◆ Task brief
Print the lines in the listing below starting at the line with "Check out the" and ending at the line with "Hero Mighty Patch", both included. Reproduce them exactly and omit every picture.

◆ Given records
<<<<

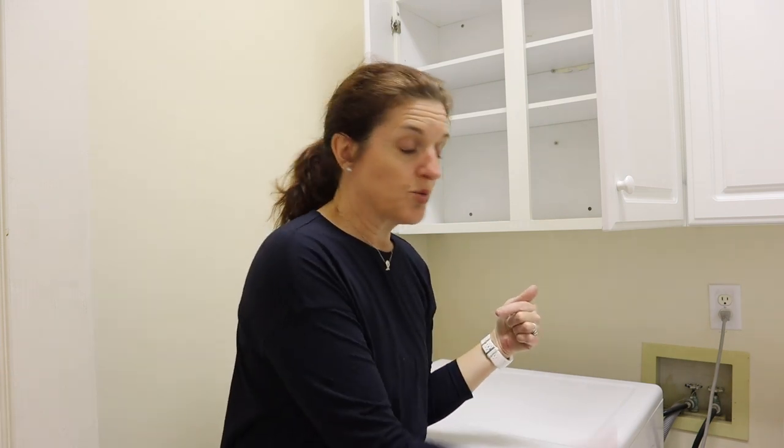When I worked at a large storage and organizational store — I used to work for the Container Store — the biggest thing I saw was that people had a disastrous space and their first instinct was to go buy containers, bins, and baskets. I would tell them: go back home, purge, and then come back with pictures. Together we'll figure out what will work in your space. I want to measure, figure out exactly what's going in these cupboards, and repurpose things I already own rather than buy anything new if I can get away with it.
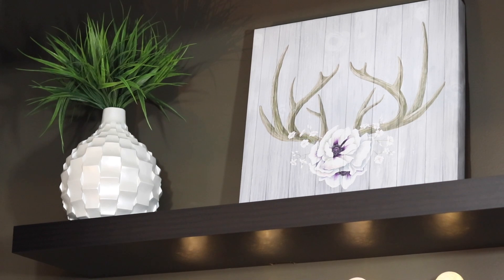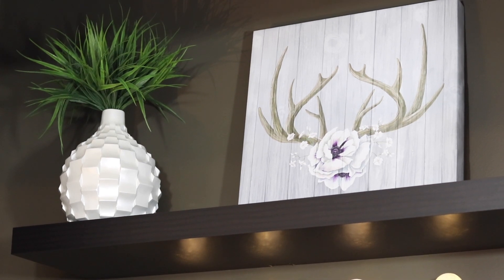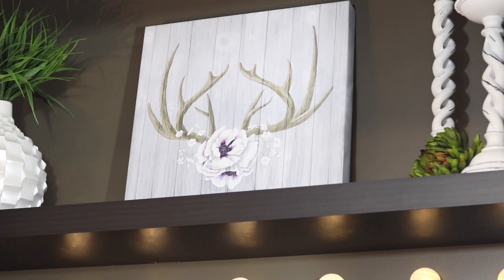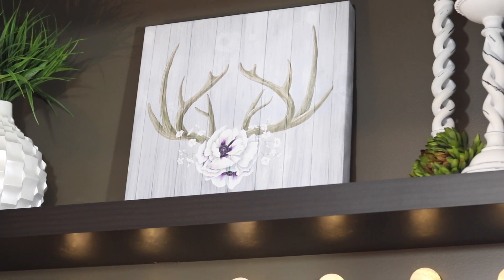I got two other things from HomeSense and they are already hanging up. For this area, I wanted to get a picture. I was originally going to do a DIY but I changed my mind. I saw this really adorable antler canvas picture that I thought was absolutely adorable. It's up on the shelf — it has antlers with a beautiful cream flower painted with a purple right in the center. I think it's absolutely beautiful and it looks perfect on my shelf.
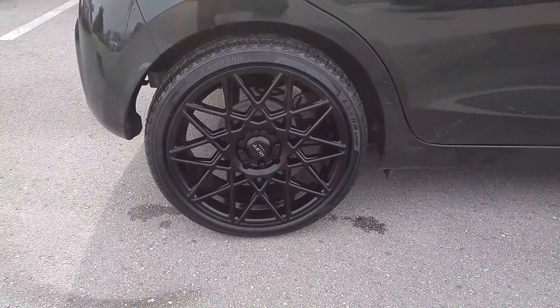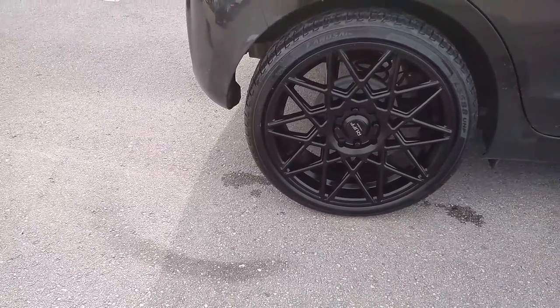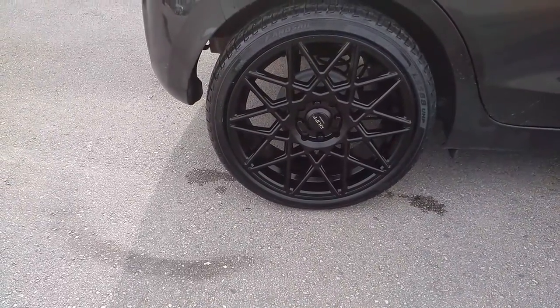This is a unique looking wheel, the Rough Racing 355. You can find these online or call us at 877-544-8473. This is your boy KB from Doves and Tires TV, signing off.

>>>>
<<<<

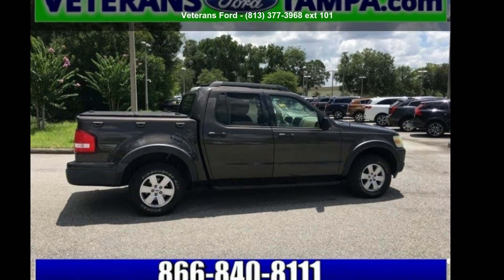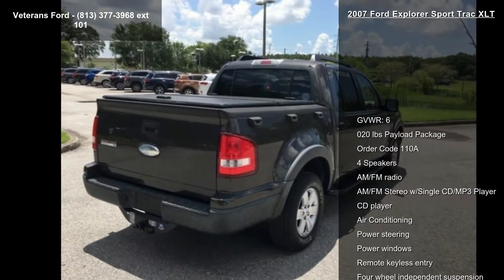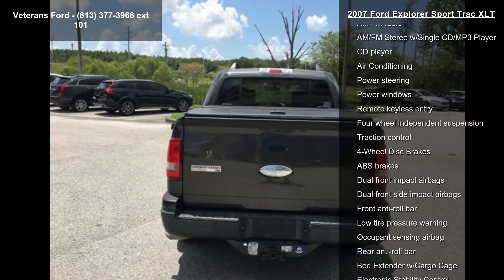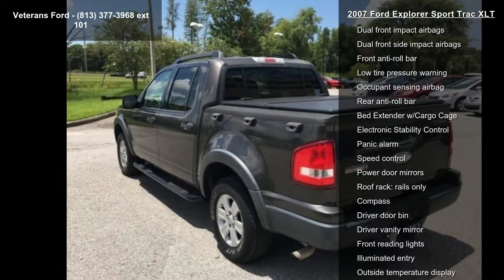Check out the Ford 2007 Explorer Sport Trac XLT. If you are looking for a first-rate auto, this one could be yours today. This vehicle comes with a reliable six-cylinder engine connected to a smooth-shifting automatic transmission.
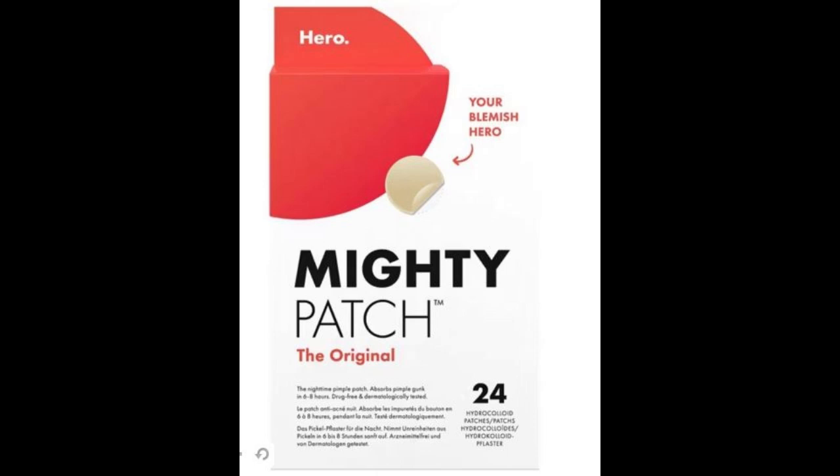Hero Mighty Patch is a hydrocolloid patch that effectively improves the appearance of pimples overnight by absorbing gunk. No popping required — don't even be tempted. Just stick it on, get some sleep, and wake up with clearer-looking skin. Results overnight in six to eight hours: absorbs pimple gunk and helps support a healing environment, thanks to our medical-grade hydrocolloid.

>>>>
<<<<

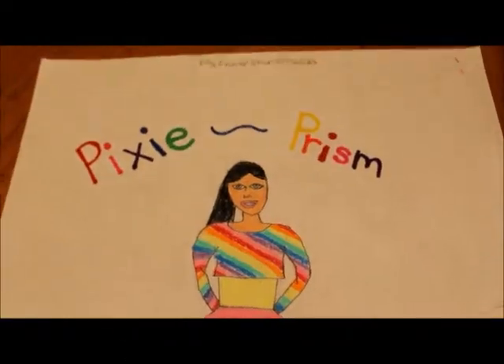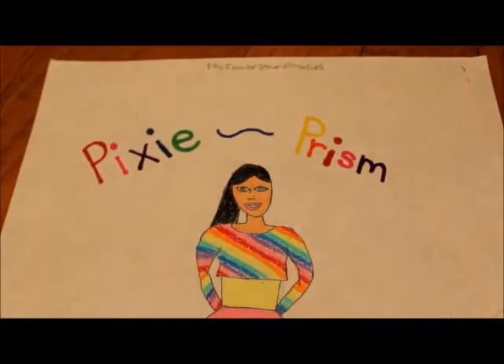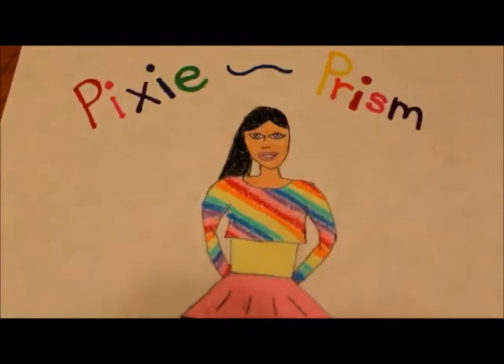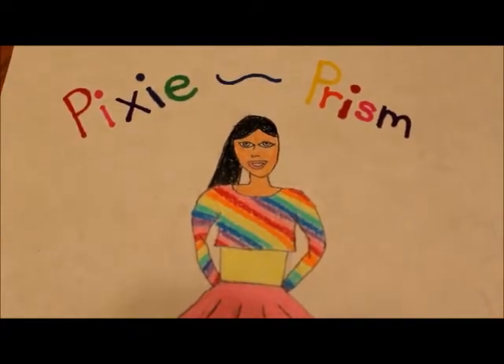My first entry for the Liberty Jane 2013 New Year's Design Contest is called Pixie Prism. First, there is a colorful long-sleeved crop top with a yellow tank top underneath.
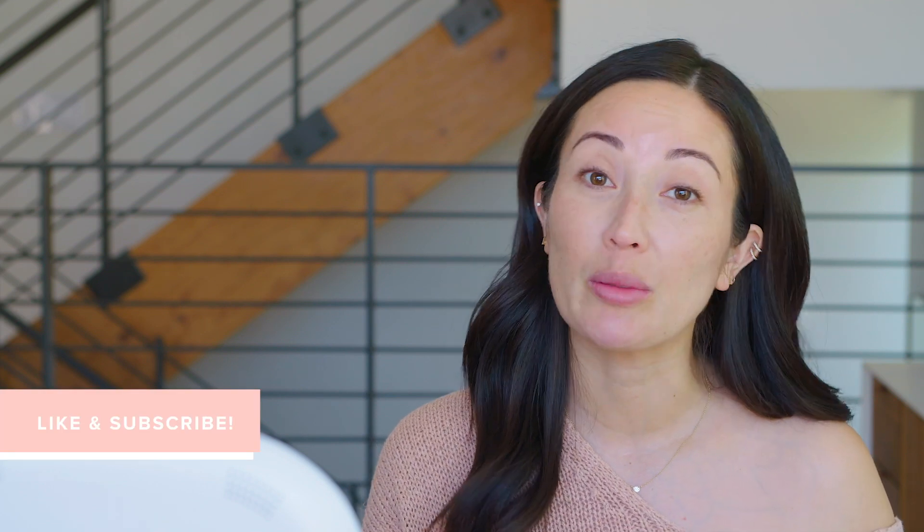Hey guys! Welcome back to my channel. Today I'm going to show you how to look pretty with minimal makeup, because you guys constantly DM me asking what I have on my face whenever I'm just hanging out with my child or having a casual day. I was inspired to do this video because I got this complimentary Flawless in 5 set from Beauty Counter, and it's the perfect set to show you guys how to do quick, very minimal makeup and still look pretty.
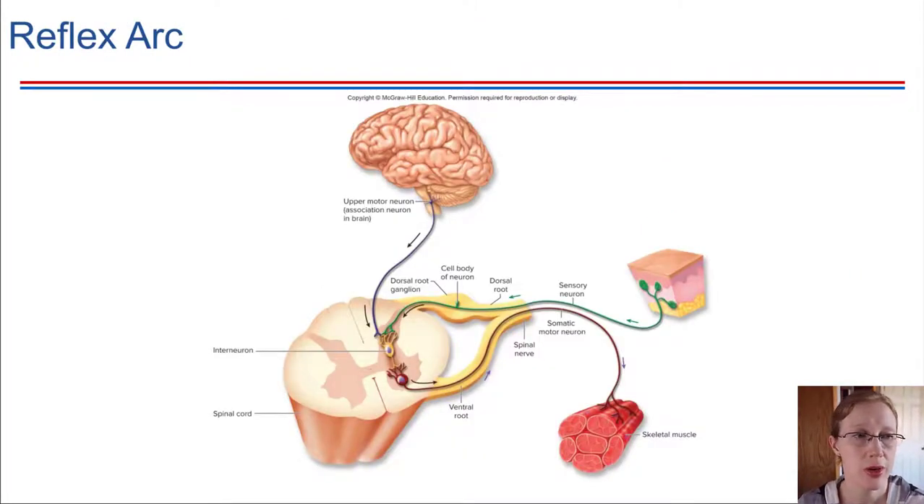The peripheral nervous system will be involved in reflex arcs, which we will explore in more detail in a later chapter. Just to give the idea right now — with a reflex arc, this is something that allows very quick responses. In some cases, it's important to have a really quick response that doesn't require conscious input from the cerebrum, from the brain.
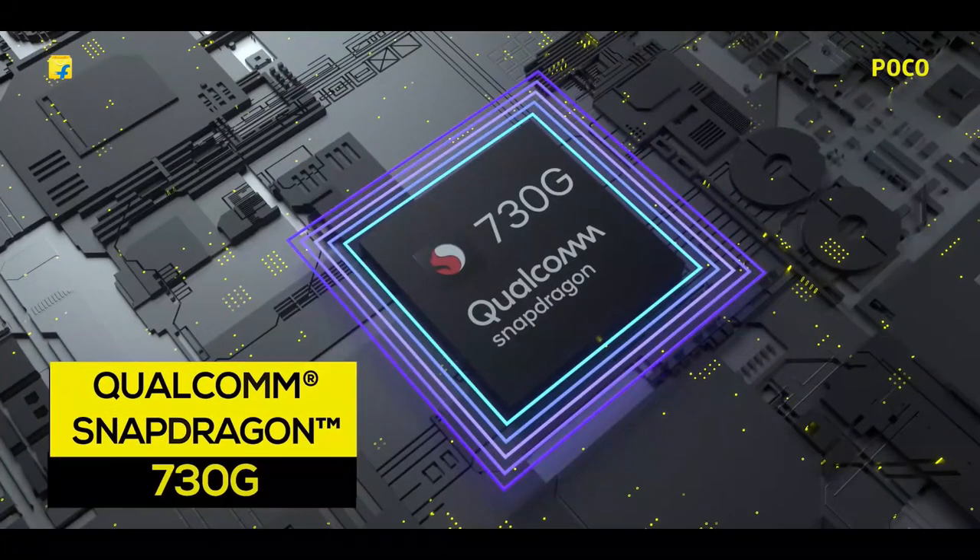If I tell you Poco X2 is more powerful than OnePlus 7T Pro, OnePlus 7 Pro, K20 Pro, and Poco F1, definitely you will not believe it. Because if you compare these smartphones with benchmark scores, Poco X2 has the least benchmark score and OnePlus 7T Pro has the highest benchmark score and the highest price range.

>>>>

◆ Problem solution
Check out the Ford 2007 Explorer Sport Trac XLT. If you are looking for a first-rate auto, this one could be yours today. This vehicle comes with a reliable six-cylinder engine connected to a smooth-shifting automatic transmission.
Hero Mighty Patch is a hydrocolloid patch that effectively improves the appearance of pimples overnight by absorbing gunk. No popping required — don't even be tempted. Just stick it on, get some sleep, and wake up with clearer-looking skin. Results overnight in six to eight hours: absorbs pimple gunk and helps support a healing environment, thanks to our medical-grade hydrocolloid.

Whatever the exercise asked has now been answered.